Please be aware that at this moment it is all a work in progress with no guarantees!

The possible way how to get it running looks like that:

export MYLOCAL=/tmp/mylocal
git clone -b python-working-target https://github.com/jeffmahoney/gdb-python.git
pushd gdb-python/
./configure --prefix=$MYLOCAL '--enable-targets=x86_64-pc-linux,s390x-linux,s390-linux,ppc64-linux'
make
make install
popd

git clone https://github.com/ptesarik/libkdumpfile.git
pushd libkdumpfile
autoreconf -fi
./configure --prefix=$MYLOCAL --with-python
make
make install
popd

export PYTHONPATH=$MYLOCAL/lib/python2.7/site-packages/:$MYLOCAL/lib64/python2.7/site-packages/
export LD_LIBRARY_PATH=$MYLOCAL/lib64

git clone https://github.com/jeffmahoney/crash-python.git
pushd 
cd crash-python
python setup.py install --prefix $MYLOCAL
popd

Ok, we have it installed, now how to use it? At /path/to/my/ there's a debuginfo and a vmcore:

# export PYTHONPATH=$MYLOCAL/lib/python2.7/site-packages/:$MYLOCAL/lib64/python2.7/site-packages/
# export LD_LIBRARY_PATH=$MYLOCAL/lib64
# $MYLOCAL/bin/gdb /path/to/my/vmlinux-3.16.7-29-desktop.debug
GNU gdb (GDB) 7.10.50.20151210-cvs
Copyright (C) 2015 Free Software Foundation, Inc.
License GPLv3+: GNU GPL version 3 or later
...
(gdb) python from crash.kdump import target
(gdb) python target.Target("/path/to/my/vmcore")
(gdb) info threads 
  Id   Target Id         Frame 
  1    pid 1 "systemd"   0xffffffff8161f172 in context_switch (next=<optimized out>, prev=<optimized out>, rq=<optimized out>) at ../kernel/sched/core.c:2334
  2    pid 2 "kthreadd"  0xffffffff8161f172 in context_switch (next=<optimized out>, prev=<optimized out>, rq=<optimized out>) at ../kernel/sched/core.c:2334
  3    pid 3 "ksoftirqd/0" 0xffffffff8161f172 in context_switch (next=<optimized out>, prev=<optimized out>, rq=<optimized out>) at ../kernel/sched/core.c:2334
  4    pid 4 "kworker/0:0" 0xffffffff8161f172 in context_switch (next=<optimized out>, prev=<optimized out>, rq=<optimized out>) at ../kernel/sched/core.c:2334
...
(gdb) thread 1
(gdb) bt f
#0  0xffffffff8161f172 in context_switch (next=<optimized out>, prev=<optimized out>, rq=<optimized out>) at ../kernel/sched/core.c:2334
        mm = 0x0 <irq_stack_union>
        oldmm = 0xffff880439fb6b20
#1  __schedule () at ../kernel/sched/core.c:2795
        prev = <unavailable>
        switch_count = <optimized out>
        rq = 0xffff88013a6b4010
...

Where to continue?

See that all the kernel-specific functionality is concentrated into one tiny file (in my installation, it's the $MYLOCAL/lib/python2.7/site-packages/crash-0.1-py2.7.egg/crash/kdump/target.py). This is expected to grow - see Jeff's work-in-progress branch "crash-wip" of crash-python, or my tiny target accessing s390's dump".

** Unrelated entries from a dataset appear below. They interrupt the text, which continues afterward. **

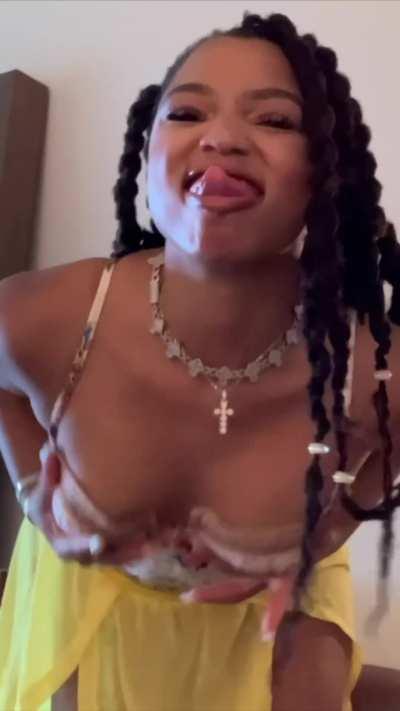 Taunting her boobs slowmo 🫣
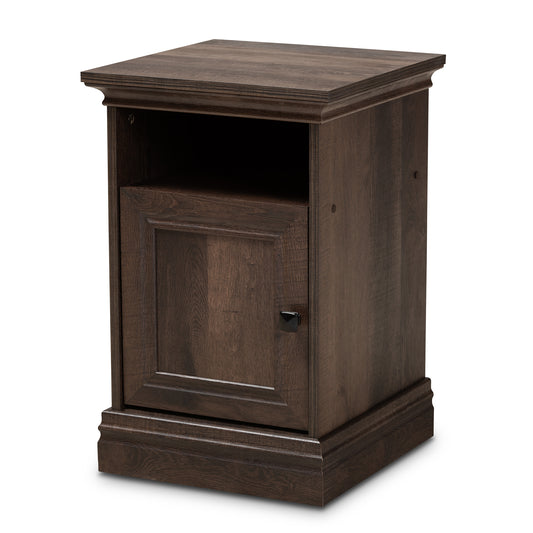 Nolan Nightstand Traditional Design in Hazel Walnut Brown Finish with 1 Door and Wood Construction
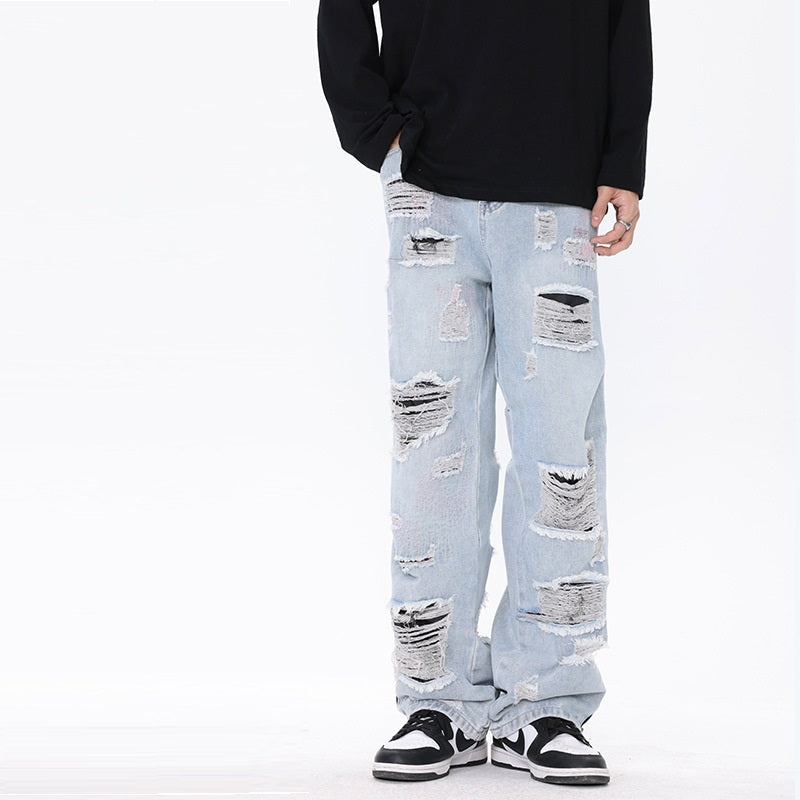 Heavy Industry Zipper Stitching Wash Ripped Straight Jeans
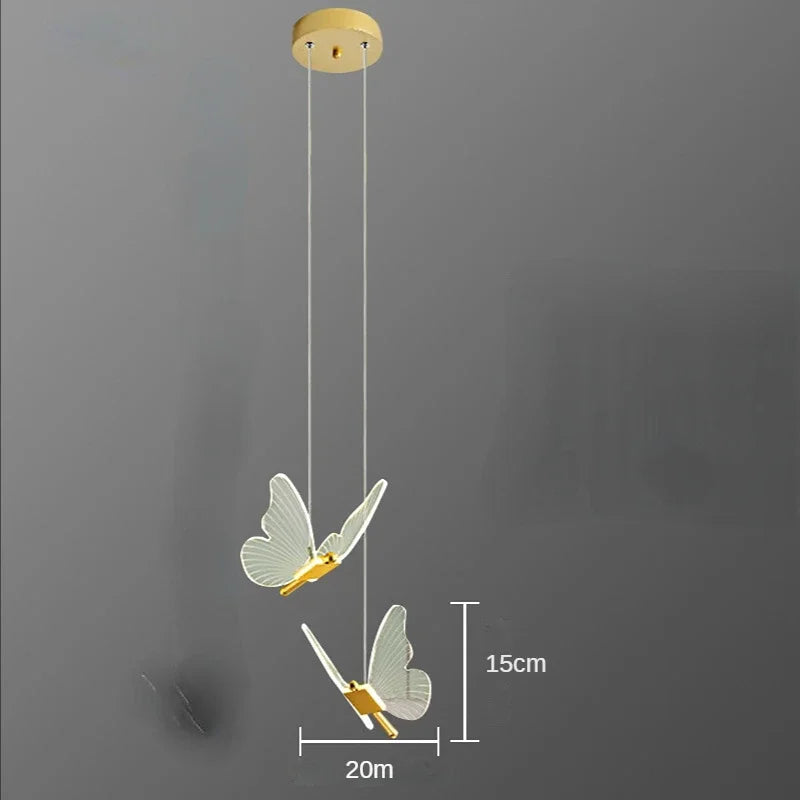 Afralia™ Butterfly LED Pendant Light for Bedroom and Living Room Decor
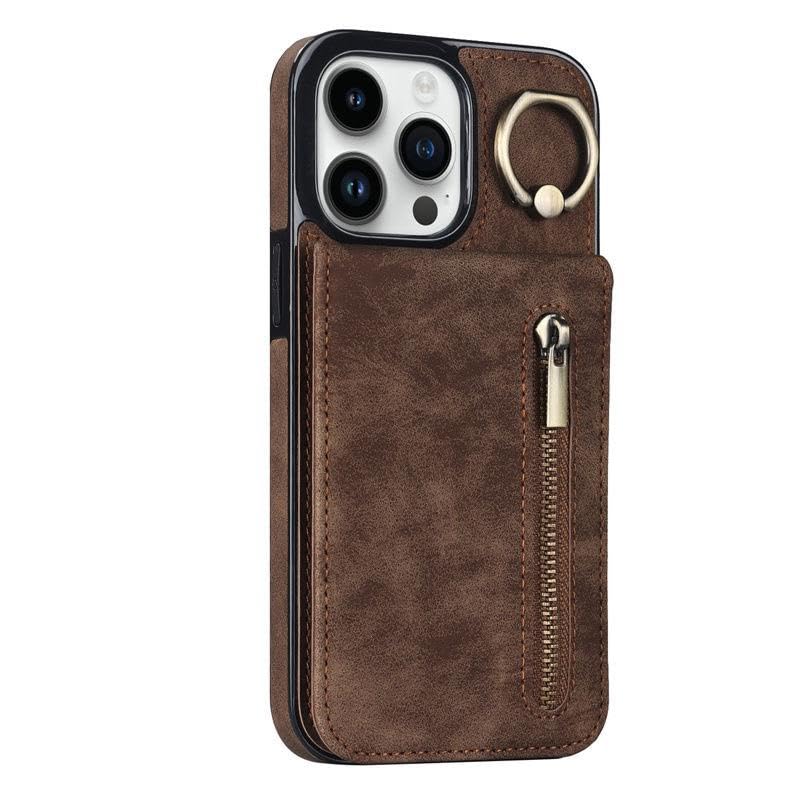 iPhone 14 Pro Case Premium Case with Coin Purse and Wallet Card and ID Holder with Ring and Stand Premium Leather (iPhone 14 Pro WZ Brown)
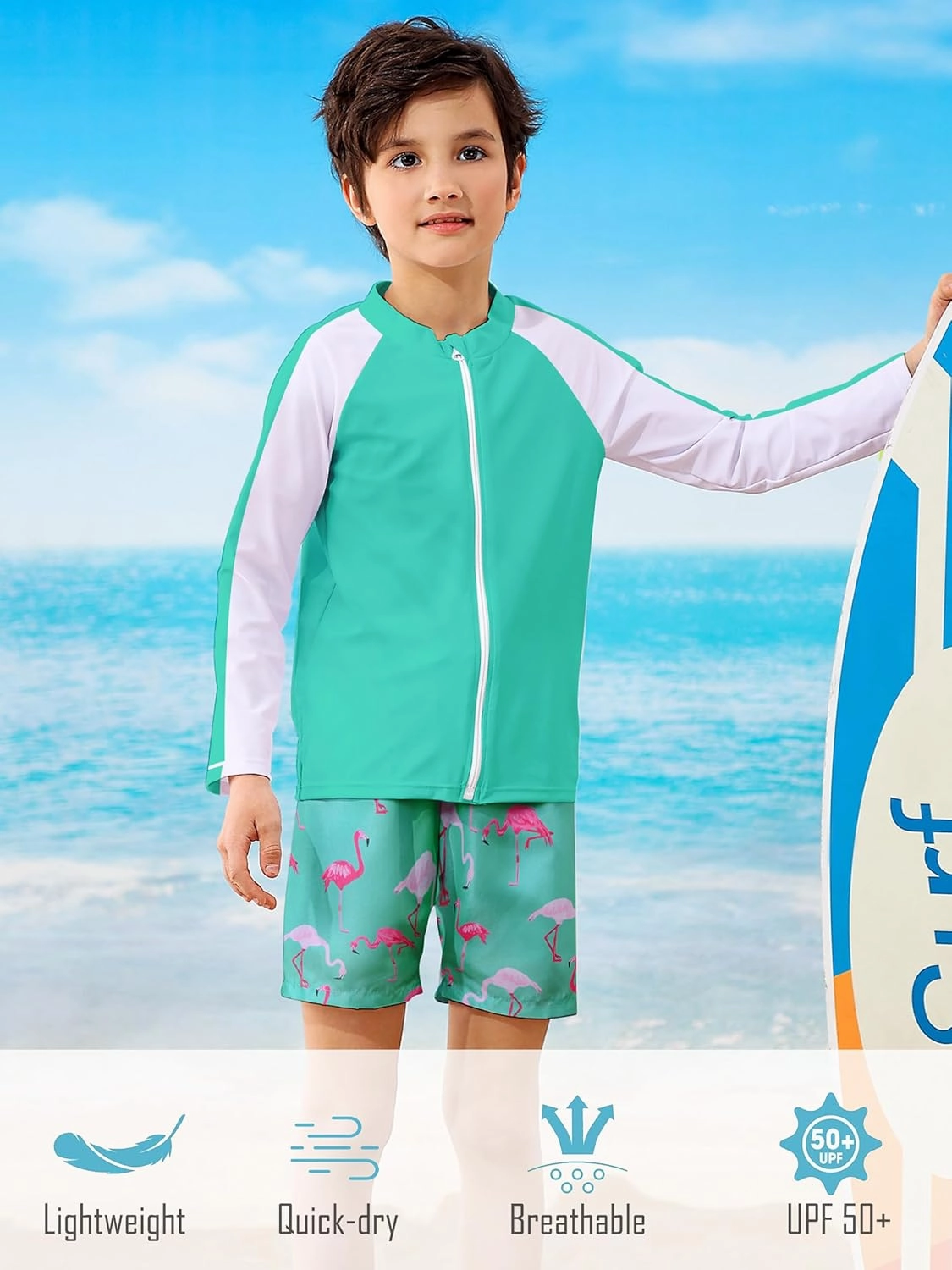 Boys Two Piece Swim Set Zipper Rash Guard Swimsuits Long Sleeve Bathing Suit for 4-12 Years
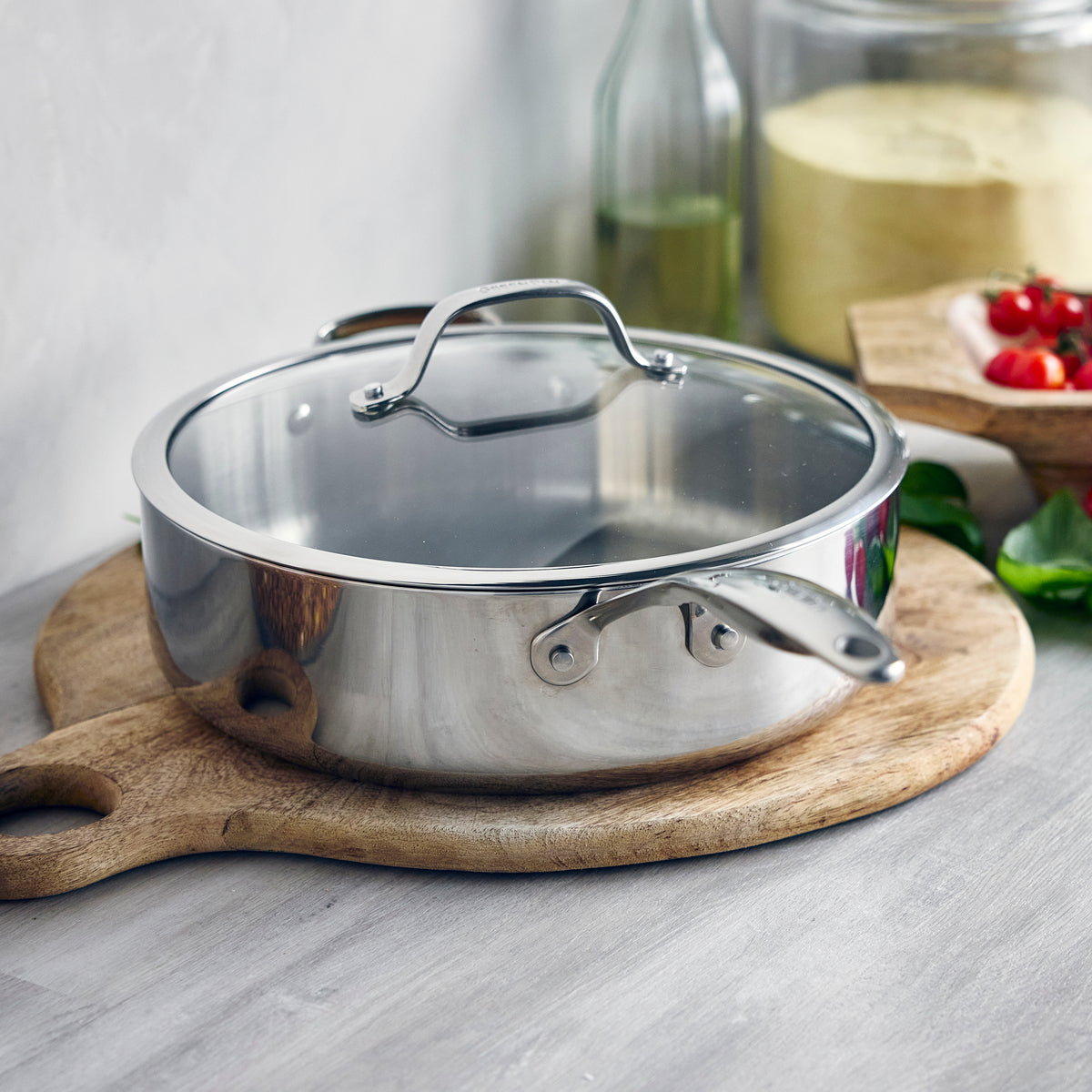 Valencia Pro Stainless Steel Uncoated 5-Quart Sauté Pan with Lid - Image 2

What are Linux kernel dumps?

Linux kernel can be configured to reserve an area of memory for crashkernel. Once the original kernel panics (i.e. dies), instead of just rebooting, it does kexec to this crashkernel. That one through /proc/vmcore has access to the original kernel memory. It runs a kdump tool which saves that memory to the dump - either to the disk file, or somewhere over the network. Makedumpfile tool can be set to save only the "interesting" pages - like it can omit the (usually space-consuming and otherwise unimportant) userspace pages and compress the saved ones - which can be done only to some file formats.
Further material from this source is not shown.